» **Your instructions**: Please restate word for word the lines of the entries below from the one with "1000 Pcs Gel" to the one with "LEGO 31140 Creator Magical Unicorn", inclusive, and leave out every picture.

» **Data to process**:
-=-=-=-=-
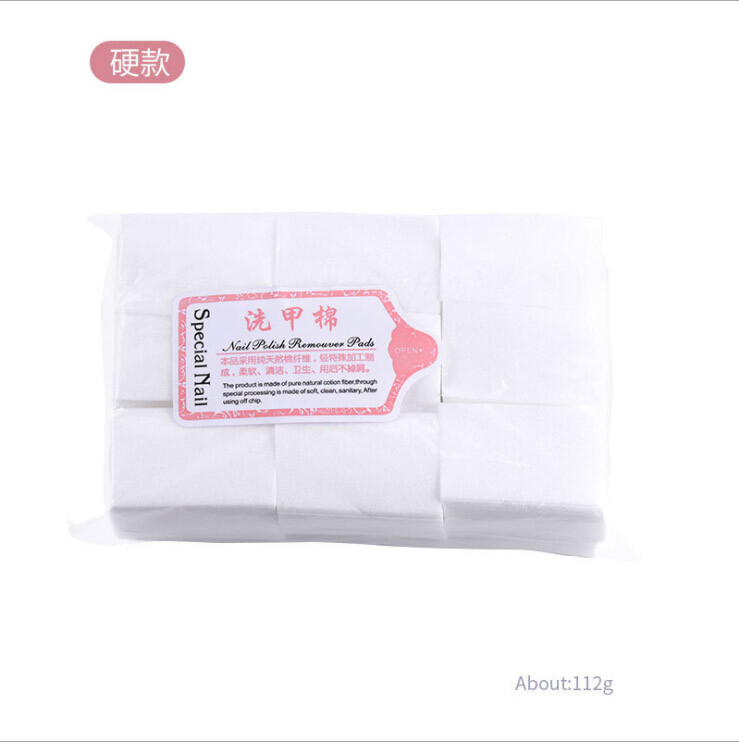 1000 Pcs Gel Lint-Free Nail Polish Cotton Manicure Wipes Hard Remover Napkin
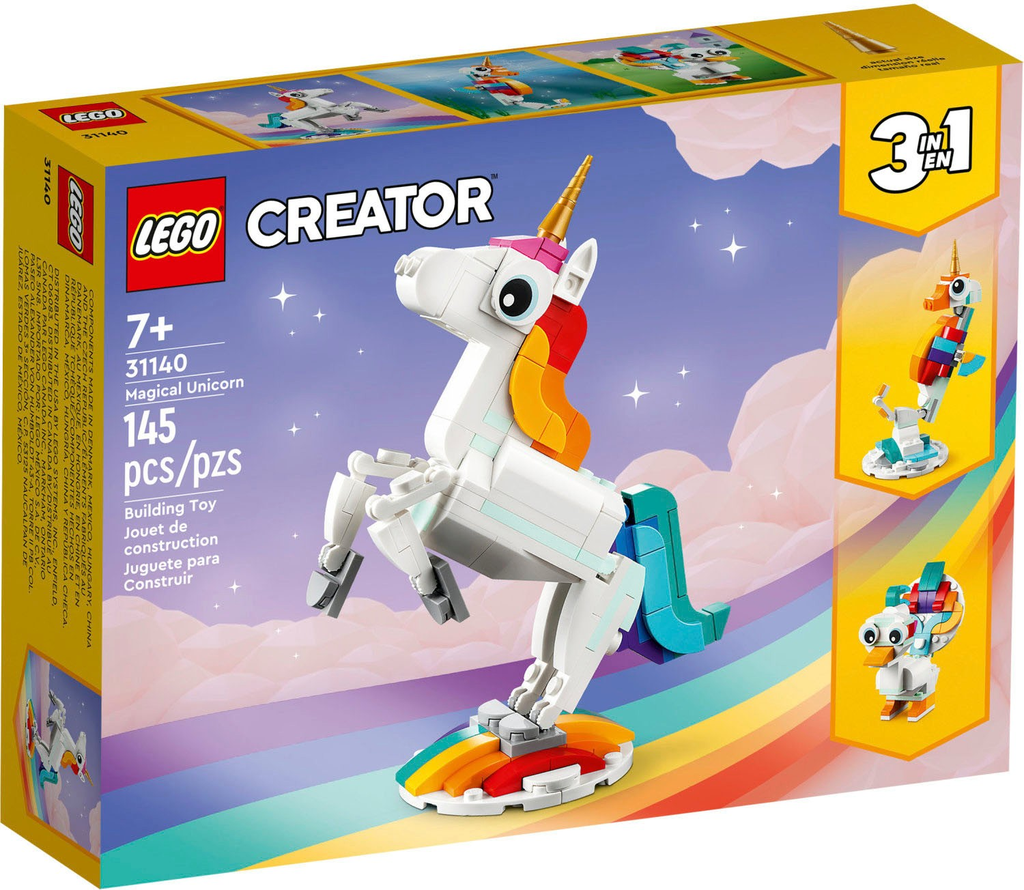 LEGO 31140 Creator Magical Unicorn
-=-=-=-=-
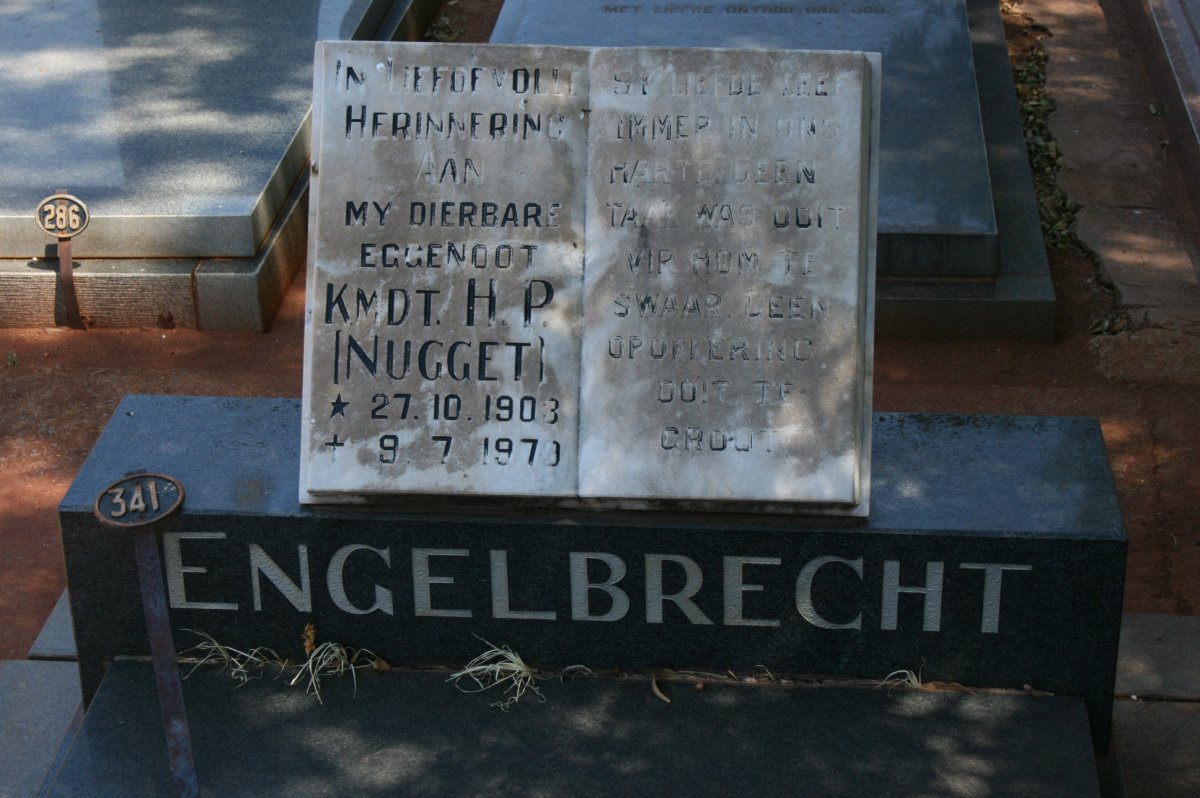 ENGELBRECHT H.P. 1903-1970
-=-=-=-=-
» **Output for this task**:
 1000 Pcs Gel Lint-Free Nail Polish Cotton Manicure Wipes Hard Remover Napkin
 LEGO 31140 Creator Magical Unicorn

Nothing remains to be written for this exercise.